相続させたくない実子への対応は?

知人からの相談内容をそのまま記載します。どうぞよろしくお願いします。

知人は60代夫婦で、二人(長男・次男)の子供がおります。
長男は既に家庭を持っていて独立済みなのですが、次男はまだ独身です。
そろそろ結婚を考えて欲しいと思っていた矢先、現在交際中の相手がバツイチの年上女性ということが分かり、どうしても結婚を許せない気持ちだそうです。
次男を説得しましたが、話し合いが平行線のままで、断腸の思いで勘当する覚悟のようです。

そこで、万が一夫妻が死亡した際、次男に自分達の財産を渡したくない考えなのですが、現在取れる確実な手段を教えて欲しいのです。

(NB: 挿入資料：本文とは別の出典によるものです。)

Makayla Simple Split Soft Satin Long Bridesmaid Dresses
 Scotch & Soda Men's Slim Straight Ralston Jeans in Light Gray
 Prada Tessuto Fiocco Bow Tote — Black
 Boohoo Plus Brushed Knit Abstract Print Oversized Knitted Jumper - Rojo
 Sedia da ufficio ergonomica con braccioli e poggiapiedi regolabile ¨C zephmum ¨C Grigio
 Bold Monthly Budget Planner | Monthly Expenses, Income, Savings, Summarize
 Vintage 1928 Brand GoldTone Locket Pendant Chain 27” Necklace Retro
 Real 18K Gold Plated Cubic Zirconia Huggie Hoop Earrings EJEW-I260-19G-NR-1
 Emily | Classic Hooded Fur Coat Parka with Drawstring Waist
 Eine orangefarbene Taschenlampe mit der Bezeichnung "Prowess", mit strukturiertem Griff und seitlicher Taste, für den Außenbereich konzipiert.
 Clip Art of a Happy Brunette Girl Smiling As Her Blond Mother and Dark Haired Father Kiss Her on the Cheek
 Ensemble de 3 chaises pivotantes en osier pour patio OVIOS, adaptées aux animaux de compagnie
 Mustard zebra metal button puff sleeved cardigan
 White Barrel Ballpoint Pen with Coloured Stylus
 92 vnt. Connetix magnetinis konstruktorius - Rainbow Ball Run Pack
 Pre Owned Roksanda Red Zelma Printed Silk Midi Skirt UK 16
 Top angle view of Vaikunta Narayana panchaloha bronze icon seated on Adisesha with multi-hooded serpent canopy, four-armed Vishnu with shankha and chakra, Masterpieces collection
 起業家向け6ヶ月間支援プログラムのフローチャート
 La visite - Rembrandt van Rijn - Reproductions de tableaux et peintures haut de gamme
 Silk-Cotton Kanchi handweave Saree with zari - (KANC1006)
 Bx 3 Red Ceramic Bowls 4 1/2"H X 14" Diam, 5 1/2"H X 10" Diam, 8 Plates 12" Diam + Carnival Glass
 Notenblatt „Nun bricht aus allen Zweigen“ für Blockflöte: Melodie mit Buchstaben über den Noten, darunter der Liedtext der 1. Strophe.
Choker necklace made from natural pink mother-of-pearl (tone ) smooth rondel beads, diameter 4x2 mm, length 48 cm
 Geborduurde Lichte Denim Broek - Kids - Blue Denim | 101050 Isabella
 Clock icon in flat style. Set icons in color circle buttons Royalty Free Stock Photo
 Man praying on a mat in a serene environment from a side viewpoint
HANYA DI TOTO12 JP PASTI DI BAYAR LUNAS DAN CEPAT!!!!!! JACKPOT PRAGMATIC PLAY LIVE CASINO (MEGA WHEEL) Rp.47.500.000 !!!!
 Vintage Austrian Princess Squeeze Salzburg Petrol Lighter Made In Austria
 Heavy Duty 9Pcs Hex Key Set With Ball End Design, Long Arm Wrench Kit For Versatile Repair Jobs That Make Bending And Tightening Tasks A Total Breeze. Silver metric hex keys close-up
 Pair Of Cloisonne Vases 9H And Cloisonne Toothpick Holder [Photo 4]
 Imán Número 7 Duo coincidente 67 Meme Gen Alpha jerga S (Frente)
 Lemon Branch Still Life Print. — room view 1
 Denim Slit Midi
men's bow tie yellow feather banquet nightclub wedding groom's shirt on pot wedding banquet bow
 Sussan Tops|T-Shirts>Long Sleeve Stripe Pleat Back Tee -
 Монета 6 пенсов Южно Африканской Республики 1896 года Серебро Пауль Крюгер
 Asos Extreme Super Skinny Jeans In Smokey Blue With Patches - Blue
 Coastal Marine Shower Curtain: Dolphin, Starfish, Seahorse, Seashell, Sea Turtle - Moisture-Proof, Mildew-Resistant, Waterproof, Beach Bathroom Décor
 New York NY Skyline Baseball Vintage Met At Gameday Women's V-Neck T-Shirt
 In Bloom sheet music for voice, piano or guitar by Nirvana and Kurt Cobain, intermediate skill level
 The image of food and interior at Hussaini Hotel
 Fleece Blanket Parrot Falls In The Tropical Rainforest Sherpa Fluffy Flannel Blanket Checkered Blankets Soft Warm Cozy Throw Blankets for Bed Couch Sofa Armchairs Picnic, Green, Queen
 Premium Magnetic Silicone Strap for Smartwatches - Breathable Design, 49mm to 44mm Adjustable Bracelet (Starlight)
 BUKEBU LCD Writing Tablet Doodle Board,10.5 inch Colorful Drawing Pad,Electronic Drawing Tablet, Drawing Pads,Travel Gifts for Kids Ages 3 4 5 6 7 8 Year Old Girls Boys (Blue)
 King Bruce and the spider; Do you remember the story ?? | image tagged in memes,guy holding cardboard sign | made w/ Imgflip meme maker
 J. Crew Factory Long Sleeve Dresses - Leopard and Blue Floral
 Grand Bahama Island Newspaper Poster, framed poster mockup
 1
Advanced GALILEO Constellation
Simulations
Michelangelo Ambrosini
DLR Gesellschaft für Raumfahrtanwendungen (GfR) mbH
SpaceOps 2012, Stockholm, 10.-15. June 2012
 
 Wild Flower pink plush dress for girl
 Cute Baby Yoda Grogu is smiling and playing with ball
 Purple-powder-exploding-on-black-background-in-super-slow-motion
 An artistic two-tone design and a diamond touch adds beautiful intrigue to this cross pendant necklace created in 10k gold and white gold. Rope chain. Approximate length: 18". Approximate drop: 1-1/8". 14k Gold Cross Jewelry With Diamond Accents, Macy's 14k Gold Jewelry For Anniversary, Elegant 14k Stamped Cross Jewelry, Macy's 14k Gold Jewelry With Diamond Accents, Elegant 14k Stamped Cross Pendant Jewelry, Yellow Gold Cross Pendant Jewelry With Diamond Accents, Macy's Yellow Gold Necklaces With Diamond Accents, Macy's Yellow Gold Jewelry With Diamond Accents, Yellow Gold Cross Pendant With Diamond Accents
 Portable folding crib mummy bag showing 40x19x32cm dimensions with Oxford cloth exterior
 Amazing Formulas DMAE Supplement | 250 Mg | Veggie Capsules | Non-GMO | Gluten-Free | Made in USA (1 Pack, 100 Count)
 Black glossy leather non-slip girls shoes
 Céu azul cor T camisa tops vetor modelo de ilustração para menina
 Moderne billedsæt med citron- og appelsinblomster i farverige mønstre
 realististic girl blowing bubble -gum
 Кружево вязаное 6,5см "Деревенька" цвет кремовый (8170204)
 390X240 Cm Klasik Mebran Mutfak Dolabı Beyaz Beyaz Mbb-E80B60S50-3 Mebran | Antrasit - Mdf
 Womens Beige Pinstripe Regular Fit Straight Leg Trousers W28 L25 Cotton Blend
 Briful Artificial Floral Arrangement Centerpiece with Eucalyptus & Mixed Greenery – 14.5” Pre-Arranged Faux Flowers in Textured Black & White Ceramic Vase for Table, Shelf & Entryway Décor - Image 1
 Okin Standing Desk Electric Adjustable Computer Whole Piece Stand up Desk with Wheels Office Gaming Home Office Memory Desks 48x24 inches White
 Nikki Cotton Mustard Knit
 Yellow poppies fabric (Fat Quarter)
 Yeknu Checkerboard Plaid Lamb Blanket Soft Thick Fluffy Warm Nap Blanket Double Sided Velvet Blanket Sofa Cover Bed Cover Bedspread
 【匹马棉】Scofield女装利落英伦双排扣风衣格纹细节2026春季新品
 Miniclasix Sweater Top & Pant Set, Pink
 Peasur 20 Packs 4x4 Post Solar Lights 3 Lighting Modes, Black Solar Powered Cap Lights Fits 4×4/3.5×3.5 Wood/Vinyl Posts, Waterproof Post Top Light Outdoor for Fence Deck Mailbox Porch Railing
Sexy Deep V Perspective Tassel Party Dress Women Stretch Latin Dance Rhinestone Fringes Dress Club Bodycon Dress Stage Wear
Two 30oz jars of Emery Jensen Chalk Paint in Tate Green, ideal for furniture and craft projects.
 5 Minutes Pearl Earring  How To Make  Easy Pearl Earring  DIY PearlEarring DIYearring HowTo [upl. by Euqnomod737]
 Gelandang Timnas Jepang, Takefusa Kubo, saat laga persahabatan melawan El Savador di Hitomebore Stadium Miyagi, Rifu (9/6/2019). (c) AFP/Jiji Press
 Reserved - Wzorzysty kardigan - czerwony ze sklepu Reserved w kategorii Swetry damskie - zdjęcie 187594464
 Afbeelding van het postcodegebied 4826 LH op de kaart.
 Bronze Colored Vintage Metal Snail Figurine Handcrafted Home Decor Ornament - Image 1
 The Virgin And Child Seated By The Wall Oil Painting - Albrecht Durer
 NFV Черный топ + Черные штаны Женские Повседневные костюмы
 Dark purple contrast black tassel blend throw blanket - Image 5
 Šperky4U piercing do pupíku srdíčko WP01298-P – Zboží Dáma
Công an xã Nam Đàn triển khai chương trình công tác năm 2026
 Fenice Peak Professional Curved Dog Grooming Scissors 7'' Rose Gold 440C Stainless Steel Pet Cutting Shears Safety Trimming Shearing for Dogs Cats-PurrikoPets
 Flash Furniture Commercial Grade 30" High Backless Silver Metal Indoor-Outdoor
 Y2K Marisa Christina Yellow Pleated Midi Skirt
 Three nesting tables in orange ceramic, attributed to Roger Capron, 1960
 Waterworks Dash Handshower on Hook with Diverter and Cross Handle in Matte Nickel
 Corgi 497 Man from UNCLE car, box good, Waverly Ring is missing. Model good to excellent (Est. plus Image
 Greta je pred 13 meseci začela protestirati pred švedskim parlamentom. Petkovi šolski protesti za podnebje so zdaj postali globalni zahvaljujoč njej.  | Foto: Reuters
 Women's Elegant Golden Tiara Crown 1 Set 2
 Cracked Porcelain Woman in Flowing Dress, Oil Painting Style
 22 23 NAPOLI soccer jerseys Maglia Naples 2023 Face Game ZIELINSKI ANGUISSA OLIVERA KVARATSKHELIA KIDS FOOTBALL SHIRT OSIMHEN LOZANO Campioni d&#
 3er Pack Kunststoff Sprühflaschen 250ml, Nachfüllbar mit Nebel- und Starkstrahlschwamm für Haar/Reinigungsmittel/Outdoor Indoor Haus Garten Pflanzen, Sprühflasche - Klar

相続放棄の手続きは被相続人の死後しか出来ないと聞きました。
遺留分は致し方ないのでしょうが、なるべく多くの財産を長男へ渡したいと悩んでいます。

どうぞお知恵をお貸し下さい。

ぱちほそさん (愛知県/36歳/女性)

こんにちは、司法書士 小林彰と申します。

遺留分を致し方ないとお考えであれば、
(1)次男さん以外に全ての財産を相続させる旨の遺言を残す
(2)遺留分を考慮した形での相続割合での遺言を残す(次男さんにも財産を残す)方法が考えられます。
(1)の場合、遺留分を侵害する遺言であっても無効でありませんし、相続発生後、次男さんが遺留分減殺請求をしてこなければそのままです。
分割のし難い不動産等だけでなく、現金や換金性の高い財産を残せるといざ請求された時に特によいですね。
(2)を選ぶとあまり今回の希望には合わないのかもしれません。
いずれにせよ、財産の額によって多少の費用がかかりますが、公証役場でのお手続きをお勧めします。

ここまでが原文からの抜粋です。